Go to the line with "Wavy Letter Silicone" in the entries below and write out every line from there through the line with "Men | Shorts", exactly and without pictures.

▸ Recorded information
*** Block opens ***

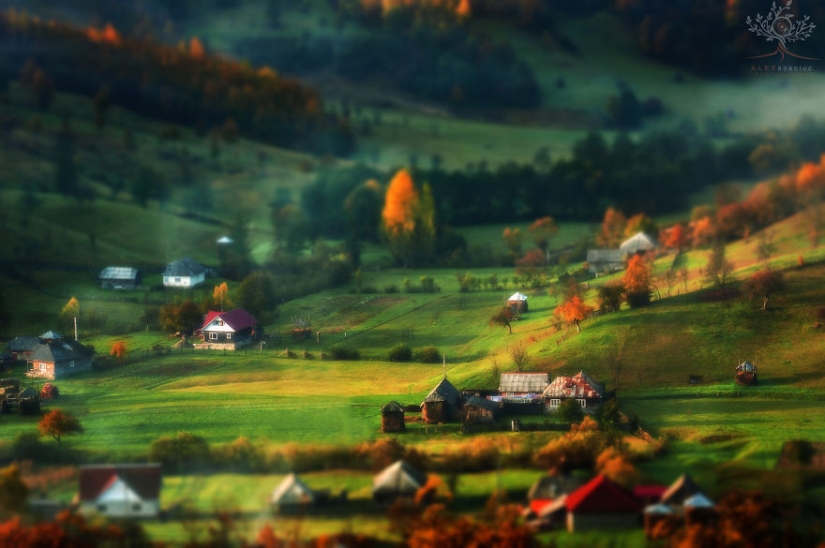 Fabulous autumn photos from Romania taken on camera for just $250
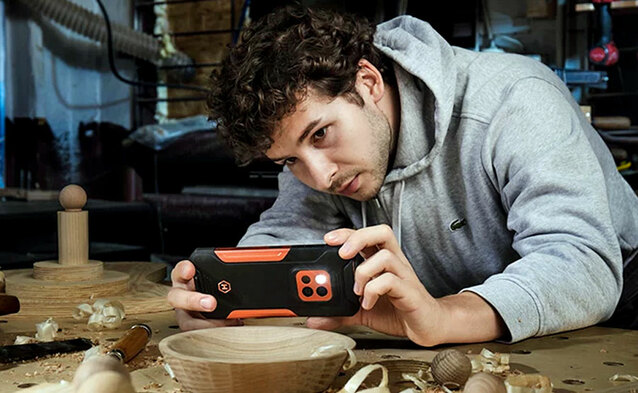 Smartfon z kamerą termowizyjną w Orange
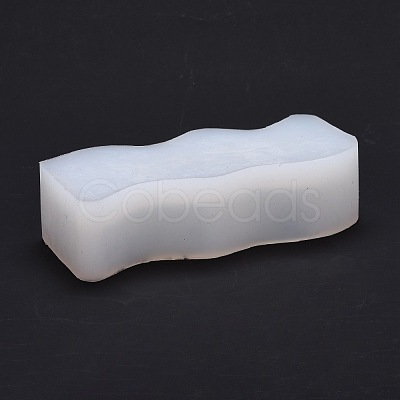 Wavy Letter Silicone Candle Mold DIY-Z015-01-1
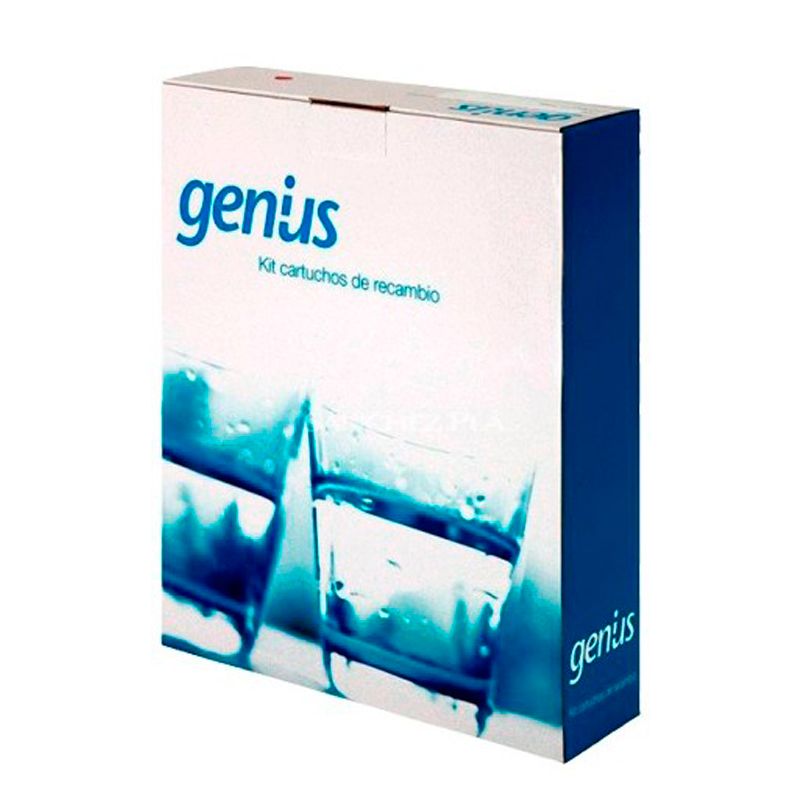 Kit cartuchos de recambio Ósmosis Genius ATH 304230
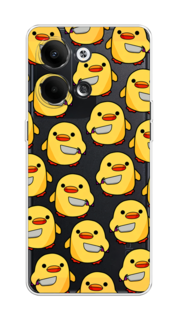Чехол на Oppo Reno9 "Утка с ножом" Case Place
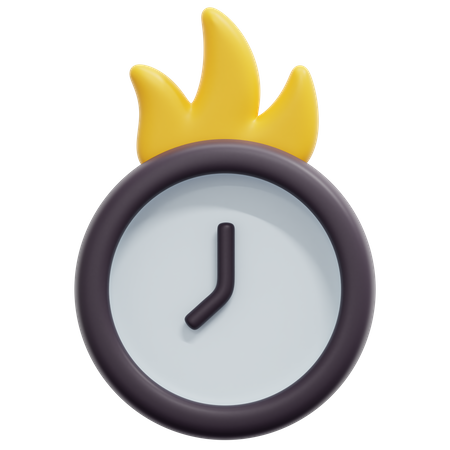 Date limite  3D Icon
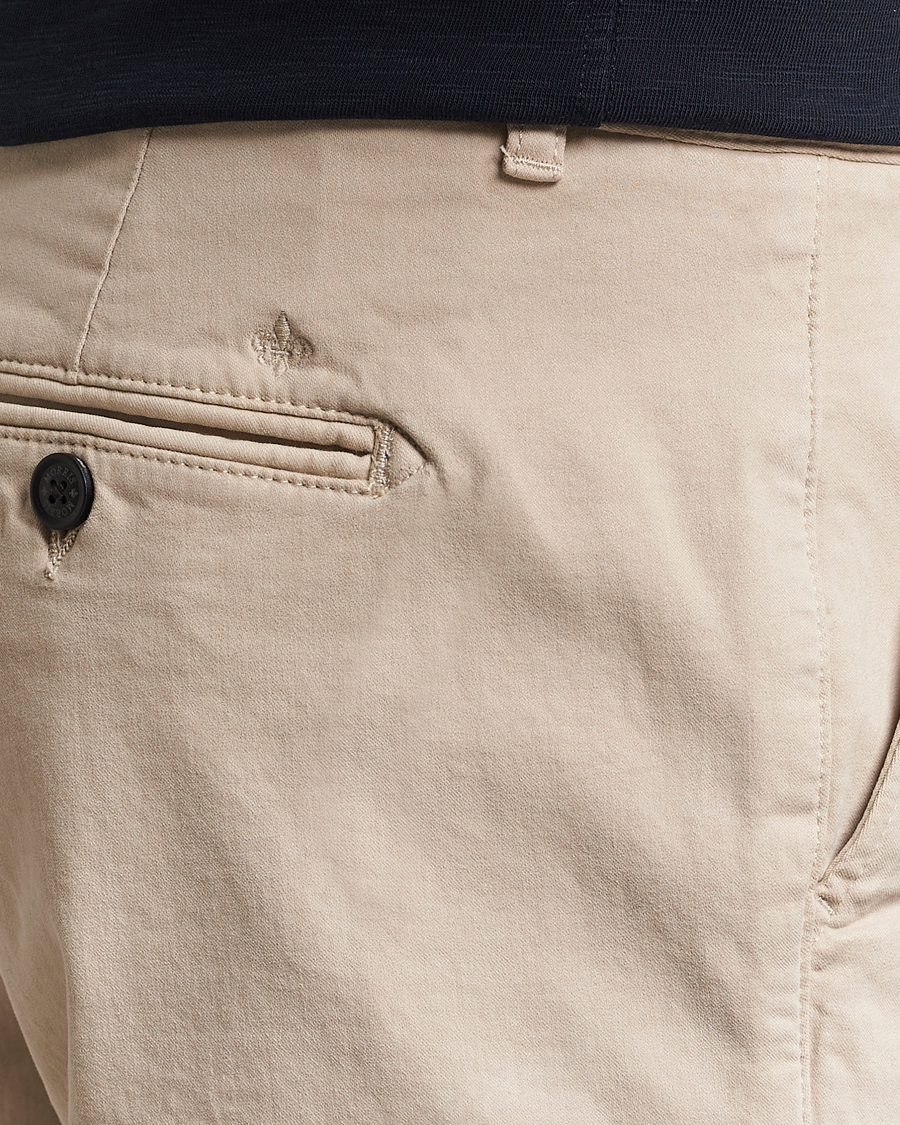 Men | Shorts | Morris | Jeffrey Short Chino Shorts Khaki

*** Block closes ***
*** Block opens ***

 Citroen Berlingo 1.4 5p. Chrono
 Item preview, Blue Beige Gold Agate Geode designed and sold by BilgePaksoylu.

*** Block closes ***

▸ Result for this task
 Wavy Letter Silicone Candle Mold DIY-Z015-01-1
 Kit cartuchos de recambio Ósmosis Genius ATH 304230
Чехол на Oppo Reno9 "Утка с ножом" Case Place
 Date limite  3D Icon
 Men | Shorts | Morris | Jeffrey Short Chino Shorts Khaki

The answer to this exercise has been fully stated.